● **Dataset entries**:
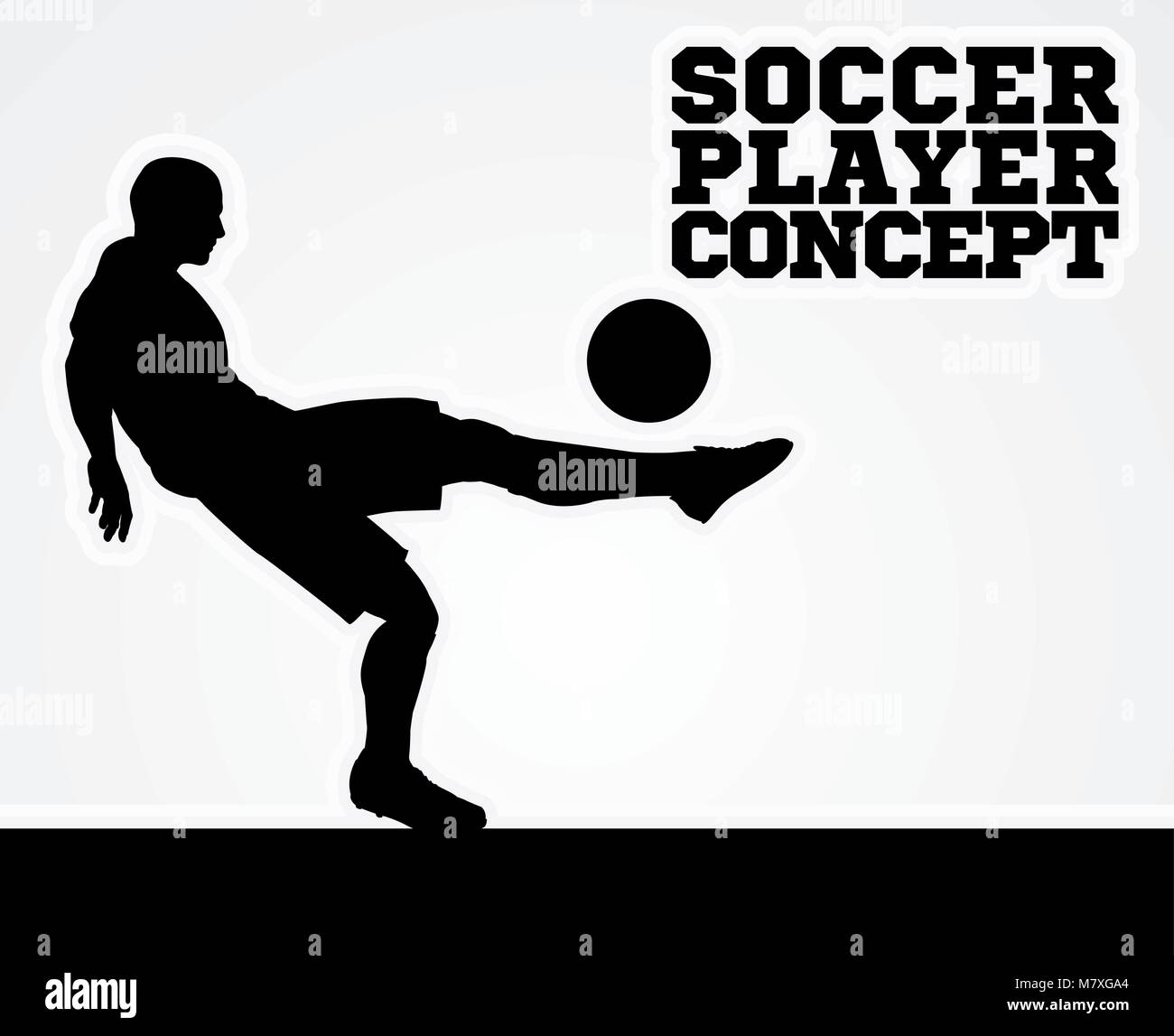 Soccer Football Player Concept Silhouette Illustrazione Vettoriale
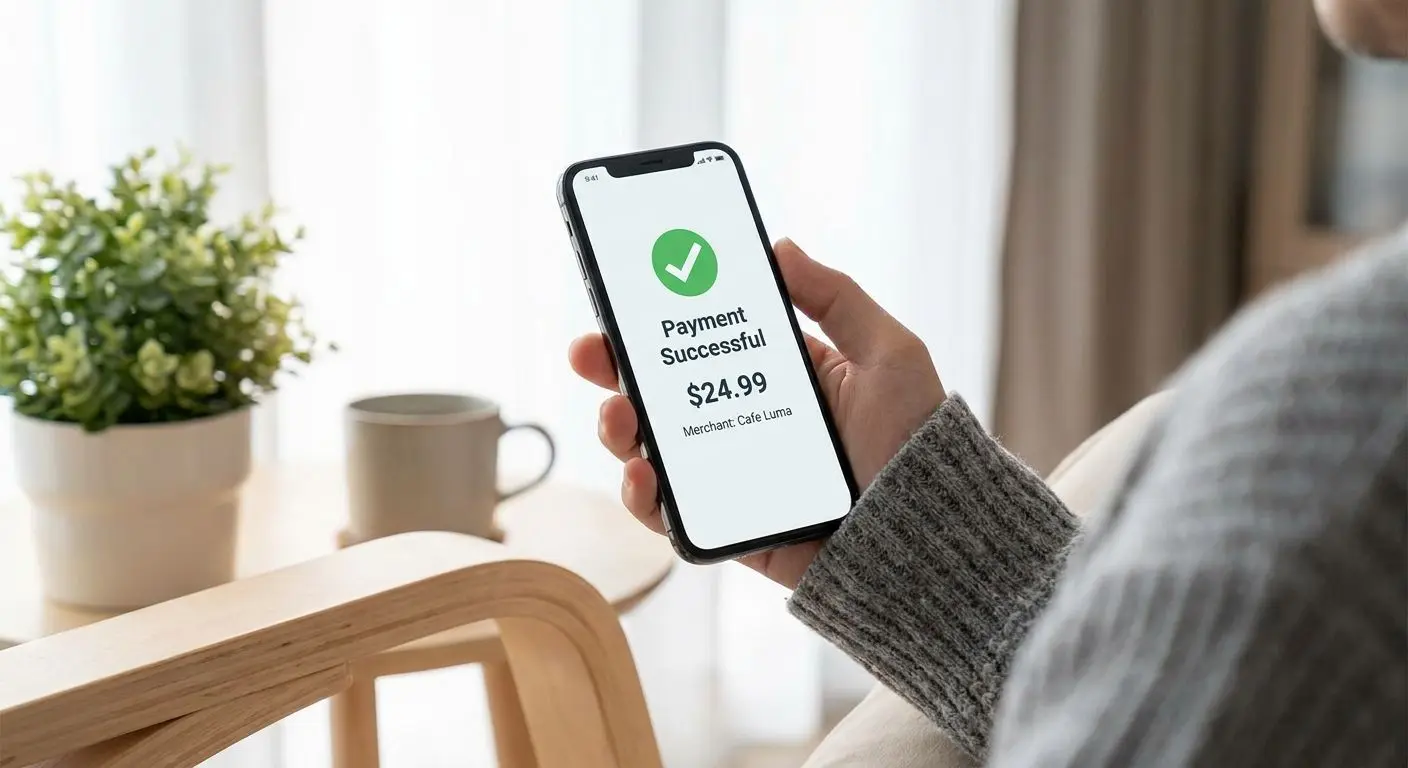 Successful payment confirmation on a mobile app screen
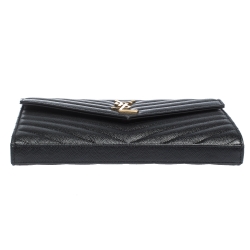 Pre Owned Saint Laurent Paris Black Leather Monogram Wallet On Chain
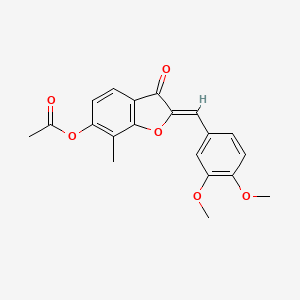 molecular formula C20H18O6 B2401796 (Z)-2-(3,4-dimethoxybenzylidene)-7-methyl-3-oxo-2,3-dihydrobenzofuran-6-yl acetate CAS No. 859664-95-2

* * *

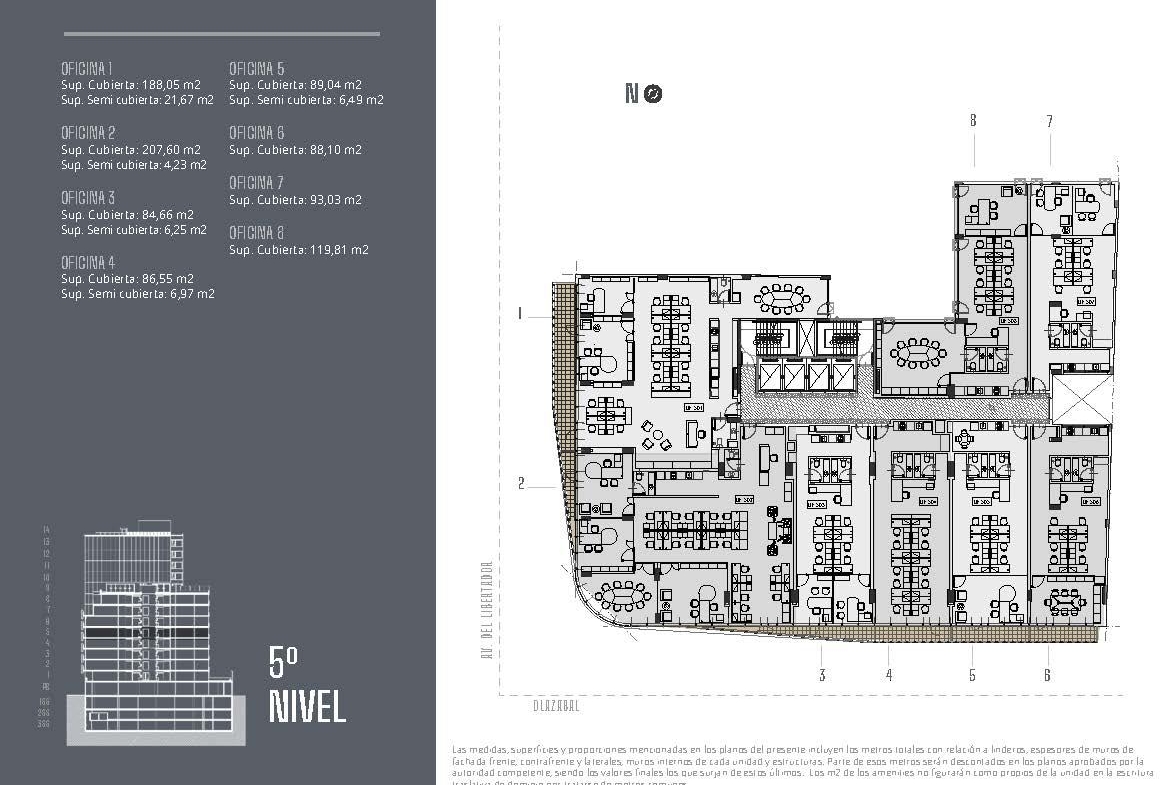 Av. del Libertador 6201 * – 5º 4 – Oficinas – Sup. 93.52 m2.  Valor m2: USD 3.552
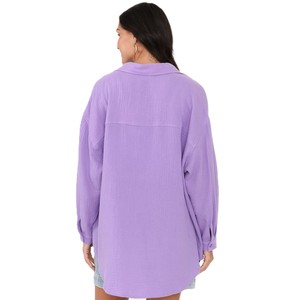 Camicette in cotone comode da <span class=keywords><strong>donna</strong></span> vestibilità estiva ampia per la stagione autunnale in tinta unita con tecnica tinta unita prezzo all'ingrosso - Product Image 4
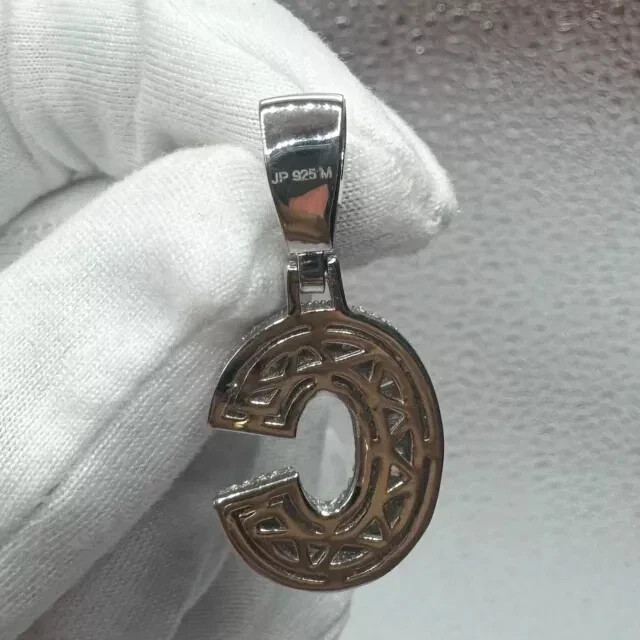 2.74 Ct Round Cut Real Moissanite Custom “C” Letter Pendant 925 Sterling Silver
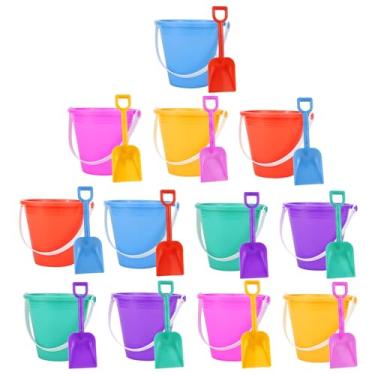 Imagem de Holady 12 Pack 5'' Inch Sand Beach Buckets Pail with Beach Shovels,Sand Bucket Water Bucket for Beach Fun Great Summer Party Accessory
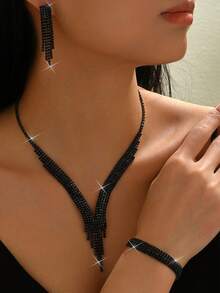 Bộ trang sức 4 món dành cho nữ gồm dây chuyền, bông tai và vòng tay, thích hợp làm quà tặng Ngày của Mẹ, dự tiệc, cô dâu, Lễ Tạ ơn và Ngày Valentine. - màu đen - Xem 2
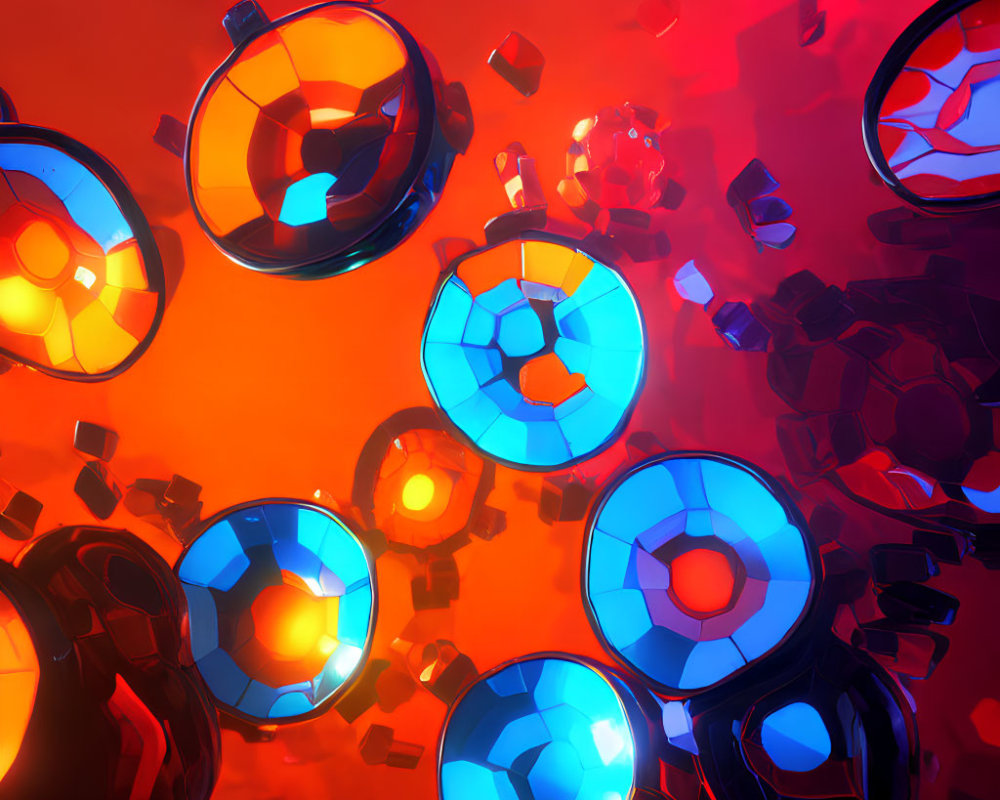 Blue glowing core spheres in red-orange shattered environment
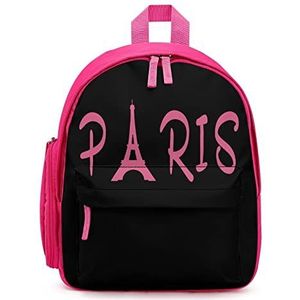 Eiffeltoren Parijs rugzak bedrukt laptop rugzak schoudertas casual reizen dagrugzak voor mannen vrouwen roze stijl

● **Problem requirements**:
The reply should hold exactly the lines above, starting at the line with "Pre Owned Saint" and ending at the line with "molecular formula C20H18O6", and no pictures.

● **Written response**:
 Pre Owned Saint Laurent Paris Black Leather Monogram Wallet On Chain
 molecular formula C20H18O6 B2401796 (Z)-2-(3,4-dimethoxybenzylidene)-7-methyl-3-oxo-2,3-dihydrobenzofuran-6-yl acetate CAS No. 859664-95-2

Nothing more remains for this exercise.